The wondrous Fr. Charles at St. Pat's. He said today that Jesus told his disciples three times that he would be crucified, and the first reaction was Peter’s denial, the "heaven forbid this should happen" to which Jesus said, “get thee behind me Satan.” The second time the gospel says that the disciples were “distressed” by the news. And the third time, in today’s gospel, the mother of James and John, presumably on their bidding, offered to take up the cup of suffering so that they could be at Christ’s right and left.
And Fr. C said that so it must be with us. Our reaction to the cross - the fact that there is no glory without the pain - is first disbelief and denial. Then, accepting the reality, we fear and tremble. And finally we have the overconfidence and too much trust in our own abilities that James and John had. Fr. C said that at least in that third state we want to be on Christ’s side, we love him, and that’s no small thing.
The Ronald Knox version of Isaiah reads like poetry and is deeply affecting:
He will watch this servant of his appear among us, unregarded as brushwood shoot, as a plant in waterless soil; no stateliness here, no majesty, no beauty, as we gaze upon him, to win our hearts.
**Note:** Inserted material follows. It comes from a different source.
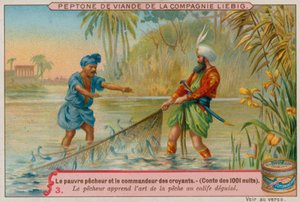 El Pescador Aprende a Pescar del Califa Disfrazado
A victim? Yet he himself bows to the stroke; no word comes from him. Sheep led away to the slaughter-house, lamb that stands dumb while it is shorn; no word from him. Imprisoned, brought to judgement, and carried off, he, whose birth is beyond our knowing; numbered among the living no more! Takes he leave of the rich, the godless, to win but a grave, to win but the gift of death; he, that wrong did never, nor had treason on his lips!